### Brief:
Copy every entry below verbatim, except for images.

== Segment start ==

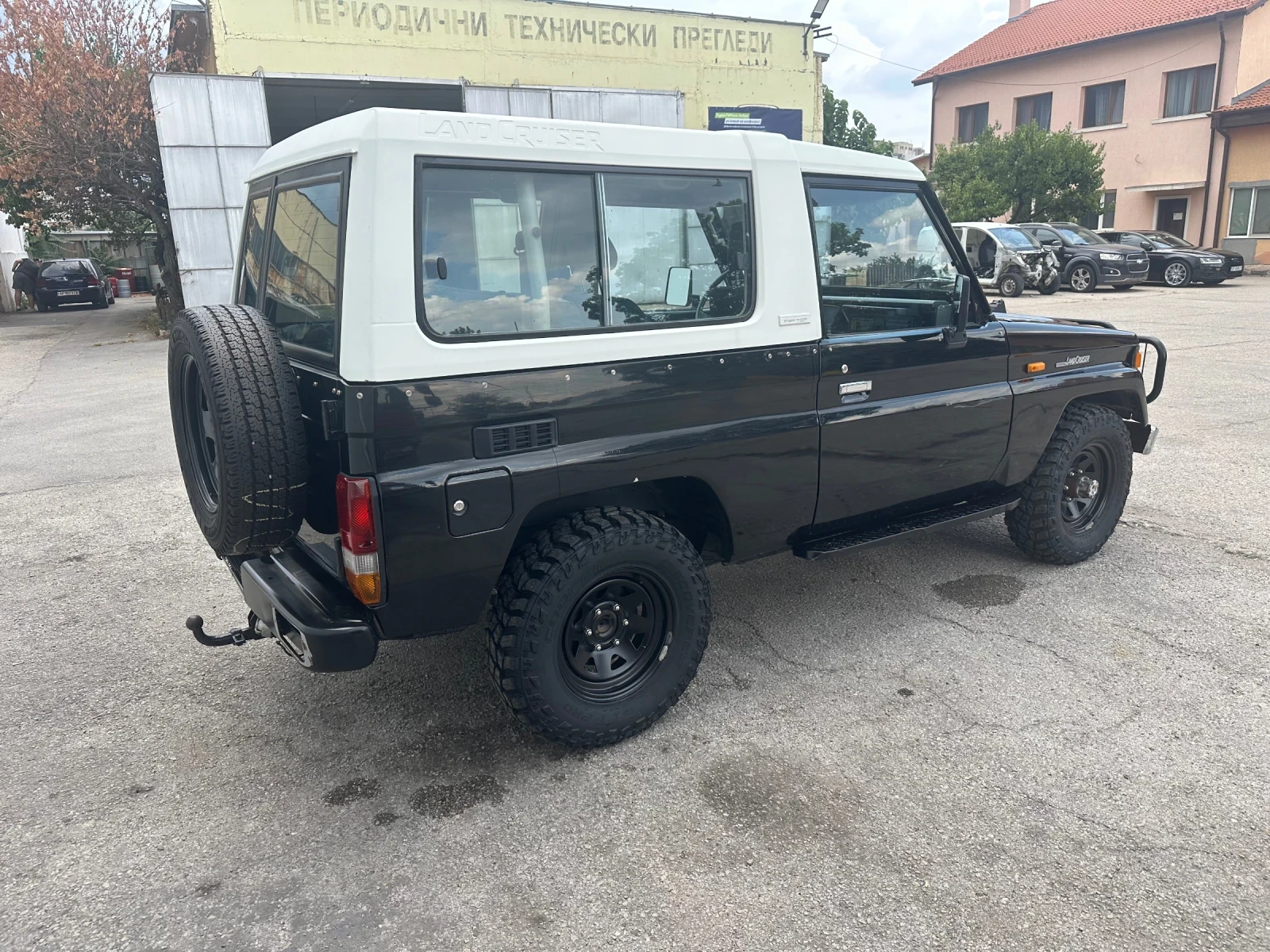 Toyota Land cruiser, снимка 3 - Автомобили и джипове - 55778534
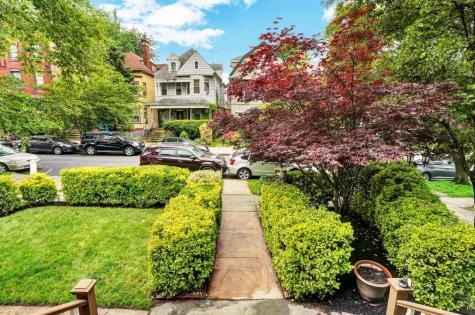 38 Bentley Avenue Jersey City NJ 07304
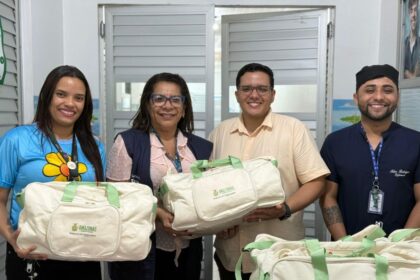 Governo do Amazonas entrega enxovais para mães em situação de vulnerabilidade em Tapauá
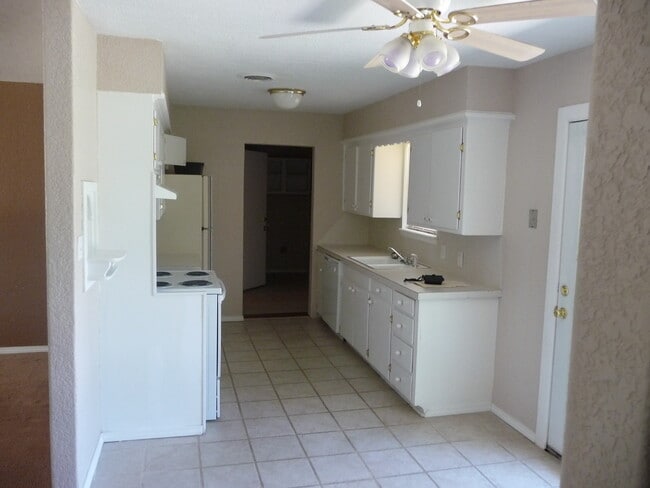 Photo - 2205 NW 46th St House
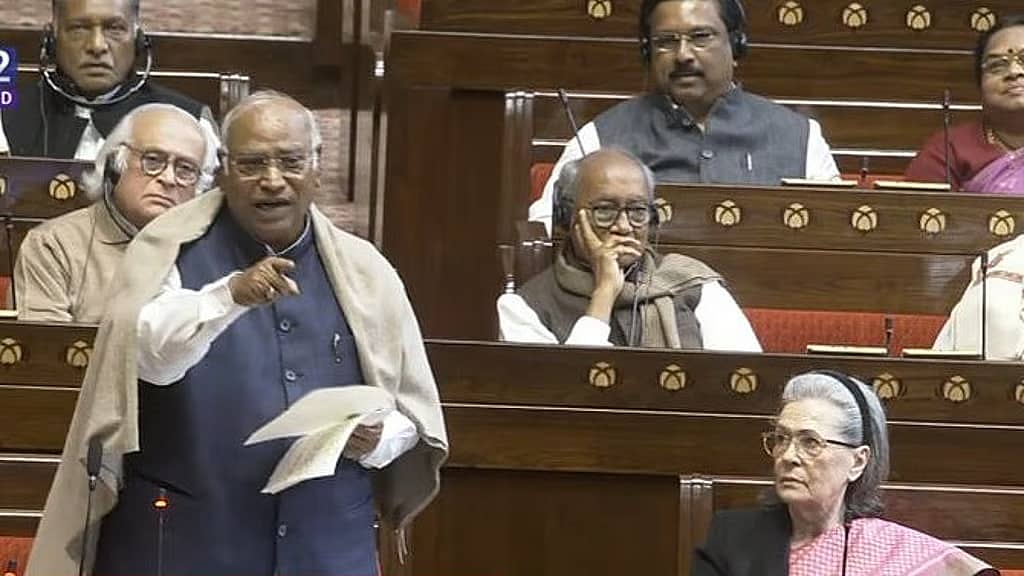 'ವಂದೇ ಮಾತರಂ'ನ ಮೊದಲ ಎರಡು ಚರಣ ಬಳಸುವ ನಿರ್ಧಾರ ನೆಹರೂ ಒಬ್ಬರದ್ದೇ ಅಲ್ಲ: ಖರ್ಗೆ
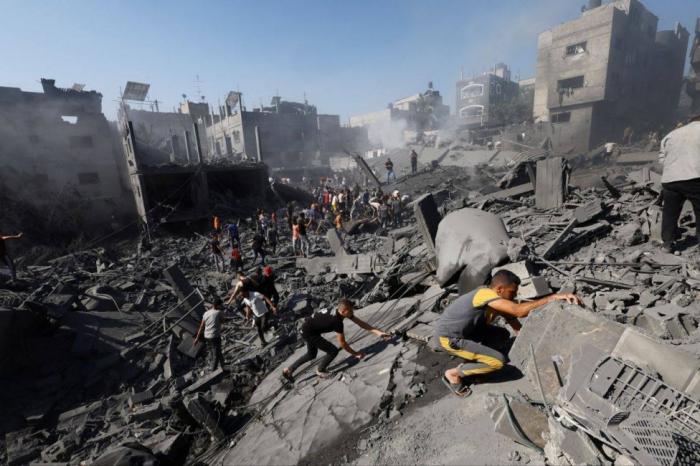 15 شهيدا وعشرات الجرحى جراء قصف الاحتلال نادي الشجاعية بغزة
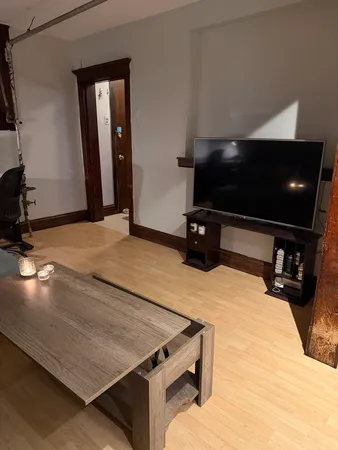 $1,700 | 1529 North Claremont Avenue, Unit G, Chicago, IL 60622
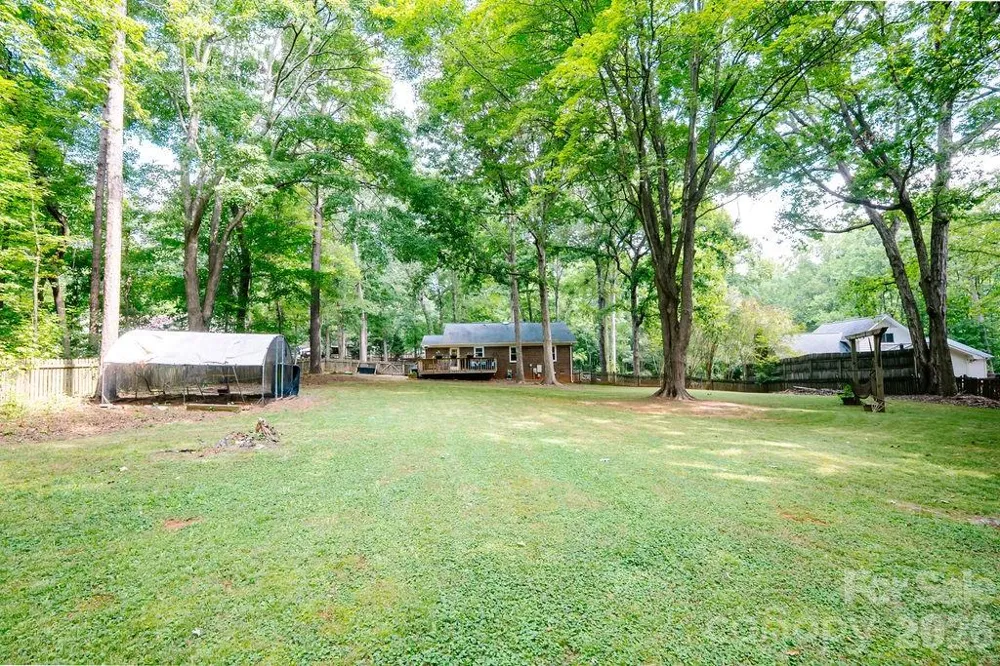 6713 High Gap Road Waxhaw, NC 28173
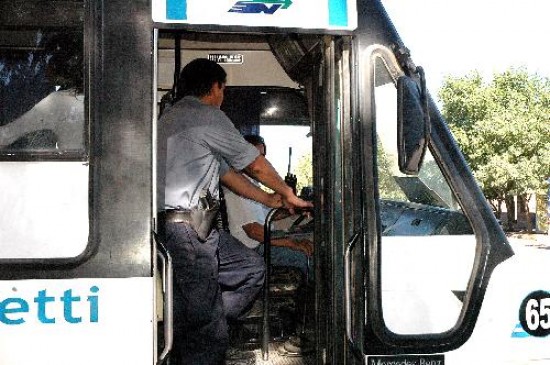 Un efectivo integrar el pasaje cuando las unidades recorran el barrio, durante las 16 horas en que se presta el servicio.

== Segment end ==

### Answer to the problem:
 Toyota Land cruiser, снимка 3 - Автомобили и джипове - 55778534
 38 Bentley Avenue Jersey City NJ 07304
 Governo do Amazonas entrega enxovais para mães em situação de vulnerabilidade em Tapauá
 Photo - 2205 NW 46th St House
 'ವಂದೇ ಮಾತರಂ'ನ ಮೊದಲ ಎರಡು ಚರಣ ಬಳಸುವ ನಿರ್ಧಾರ ನೆಹರೂ ಒಬ್ಬರದ್ದೇ ಅಲ್ಲ: ಖರ್ಗೆ
 15 شهيدا وعشرات الجرحى جراء قصف الاحتلال نادي الشجاعية بغزة
 $1,700 | 1529 North Claremont Avenue, Unit G, Chicago, IL 60622
 6713 High Gap Road Waxhaw, NC 28173
 Un efectivo integrar el pasaje cuando las unidades recorran el barrio, durante las 16 horas en que se presta el servicio.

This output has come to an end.